Moreover, in the code in question, it is also being used to combine hashes for which this hash function is very poor. There should probably be a separate hash function for that purpose. IFAICT, DJB2 is a very simple hashing for strings.

rmlarsen · 2024-02-06T19:17:09Z

kernel/rtlil.h

@@ -712,7 +712,7 @@ struct RTLIL::Const
 	inline unsigned int hash() const {
 		unsigned int h = mkhash_init;
 		for (auto b : bits)
-			mkhash(h, b);
+			h = mkhash(h, b);


good catch!

QuantamHD · 2024-02-06T19:21:19Z

For reference on the state of the art.

povik · 2024-02-06T19:24:59Z

DJB2 didn't make the leaderboard? Notwithstanding we are probably using it wrong in the changed opt_merge code and in few other places in hashlib.h.

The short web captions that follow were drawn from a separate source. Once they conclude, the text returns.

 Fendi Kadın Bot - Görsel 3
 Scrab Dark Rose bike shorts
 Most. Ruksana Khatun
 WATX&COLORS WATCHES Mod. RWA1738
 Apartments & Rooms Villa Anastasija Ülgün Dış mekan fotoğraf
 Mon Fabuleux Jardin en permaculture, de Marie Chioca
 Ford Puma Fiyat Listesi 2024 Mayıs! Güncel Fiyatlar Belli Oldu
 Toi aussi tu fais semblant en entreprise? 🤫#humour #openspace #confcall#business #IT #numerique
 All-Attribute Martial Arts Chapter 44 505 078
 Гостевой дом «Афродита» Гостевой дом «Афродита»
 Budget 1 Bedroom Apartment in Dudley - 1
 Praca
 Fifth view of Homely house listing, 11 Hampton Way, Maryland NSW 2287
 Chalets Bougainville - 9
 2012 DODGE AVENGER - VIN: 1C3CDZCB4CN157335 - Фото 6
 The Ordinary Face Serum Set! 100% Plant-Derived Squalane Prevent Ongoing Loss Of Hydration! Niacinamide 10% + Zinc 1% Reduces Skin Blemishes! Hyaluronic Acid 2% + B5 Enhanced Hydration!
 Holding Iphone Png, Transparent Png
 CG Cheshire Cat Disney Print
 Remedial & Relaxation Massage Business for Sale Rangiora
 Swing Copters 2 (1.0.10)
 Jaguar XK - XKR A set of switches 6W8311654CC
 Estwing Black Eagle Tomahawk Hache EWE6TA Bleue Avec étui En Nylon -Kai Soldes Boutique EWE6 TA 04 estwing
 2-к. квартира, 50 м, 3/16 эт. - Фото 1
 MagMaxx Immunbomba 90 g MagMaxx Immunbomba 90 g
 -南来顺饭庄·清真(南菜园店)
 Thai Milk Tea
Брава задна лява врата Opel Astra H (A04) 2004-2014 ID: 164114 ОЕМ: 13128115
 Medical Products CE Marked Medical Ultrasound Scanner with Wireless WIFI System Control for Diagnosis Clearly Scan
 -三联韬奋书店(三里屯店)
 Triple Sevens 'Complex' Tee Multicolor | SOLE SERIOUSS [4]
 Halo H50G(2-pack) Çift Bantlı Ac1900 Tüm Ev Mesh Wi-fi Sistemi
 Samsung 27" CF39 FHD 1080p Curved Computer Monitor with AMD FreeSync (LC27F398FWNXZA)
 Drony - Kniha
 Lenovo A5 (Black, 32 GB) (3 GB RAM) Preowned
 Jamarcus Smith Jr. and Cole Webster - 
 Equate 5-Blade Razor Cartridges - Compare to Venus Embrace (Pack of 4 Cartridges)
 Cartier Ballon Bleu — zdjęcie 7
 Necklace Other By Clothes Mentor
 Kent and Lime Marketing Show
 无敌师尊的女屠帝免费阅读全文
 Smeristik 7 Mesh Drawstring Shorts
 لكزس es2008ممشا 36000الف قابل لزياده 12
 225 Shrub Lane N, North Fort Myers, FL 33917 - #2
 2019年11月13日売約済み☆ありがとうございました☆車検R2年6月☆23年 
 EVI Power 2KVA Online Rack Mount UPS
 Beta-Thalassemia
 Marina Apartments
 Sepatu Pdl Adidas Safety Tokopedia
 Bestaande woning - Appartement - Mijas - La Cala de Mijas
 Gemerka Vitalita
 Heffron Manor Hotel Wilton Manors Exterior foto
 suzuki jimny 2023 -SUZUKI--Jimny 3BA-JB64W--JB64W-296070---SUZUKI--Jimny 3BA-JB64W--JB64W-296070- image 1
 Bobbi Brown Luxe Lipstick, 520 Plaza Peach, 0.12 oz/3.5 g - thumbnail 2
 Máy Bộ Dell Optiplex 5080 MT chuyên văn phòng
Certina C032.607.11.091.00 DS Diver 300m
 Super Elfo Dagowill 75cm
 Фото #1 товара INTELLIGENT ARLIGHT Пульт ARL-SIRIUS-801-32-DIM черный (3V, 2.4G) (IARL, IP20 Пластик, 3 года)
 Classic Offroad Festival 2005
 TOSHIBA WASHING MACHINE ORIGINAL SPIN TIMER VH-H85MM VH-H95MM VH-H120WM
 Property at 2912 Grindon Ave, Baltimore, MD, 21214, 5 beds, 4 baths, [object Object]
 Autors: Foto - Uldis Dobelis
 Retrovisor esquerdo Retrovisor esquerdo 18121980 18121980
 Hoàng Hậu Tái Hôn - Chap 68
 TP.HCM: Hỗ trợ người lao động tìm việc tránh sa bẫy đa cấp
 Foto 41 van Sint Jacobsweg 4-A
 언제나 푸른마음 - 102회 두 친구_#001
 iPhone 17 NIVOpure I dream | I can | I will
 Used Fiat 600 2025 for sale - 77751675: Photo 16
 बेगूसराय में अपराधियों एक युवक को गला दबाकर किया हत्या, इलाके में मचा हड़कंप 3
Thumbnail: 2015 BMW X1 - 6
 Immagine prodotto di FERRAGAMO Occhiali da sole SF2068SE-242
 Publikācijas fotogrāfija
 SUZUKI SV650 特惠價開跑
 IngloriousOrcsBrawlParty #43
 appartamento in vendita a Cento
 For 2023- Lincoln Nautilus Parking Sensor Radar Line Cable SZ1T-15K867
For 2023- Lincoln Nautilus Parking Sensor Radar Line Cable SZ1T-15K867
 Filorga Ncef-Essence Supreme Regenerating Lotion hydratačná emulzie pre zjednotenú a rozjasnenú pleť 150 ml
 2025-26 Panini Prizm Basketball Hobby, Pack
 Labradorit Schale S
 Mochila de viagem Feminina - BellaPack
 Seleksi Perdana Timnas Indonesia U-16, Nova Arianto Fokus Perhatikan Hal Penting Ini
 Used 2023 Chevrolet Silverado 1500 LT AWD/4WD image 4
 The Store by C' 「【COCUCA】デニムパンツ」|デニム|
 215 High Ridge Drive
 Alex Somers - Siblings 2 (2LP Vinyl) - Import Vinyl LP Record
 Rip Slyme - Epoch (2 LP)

whitequark · 2024-02-06T19:30:27Z

Ideally we would have 64b hash be the default on 64b architectures, but we need to maintain the option of 32b hashes for smaller/slower architecture targets where the performance hit matters (people running yosys on an older raspi are still a thing, and then there's that proof-of-concept someone made of a softcore doing synthesis to partially reconfigure the FPGA it is running on, which we want to enable just for the heck of it).

Has anyone actually benchmarked this and found that the hash function is an issue? Or is this conjecture?

rmlarsen · 2024-02-06T19:37:04Z

Ideally we would have 64b hash be the default on 64b architectures, but we need to maintain the option of 32b hashes for smaller/slower architecture targets where the performance hit matters (people running yosys on an older raspi are still a thing, and then there's that proof-of-concept someone made of a softcore doing synthesis to partially reconfigure the FPGA it is running on, which we want to enable just for the heck of it).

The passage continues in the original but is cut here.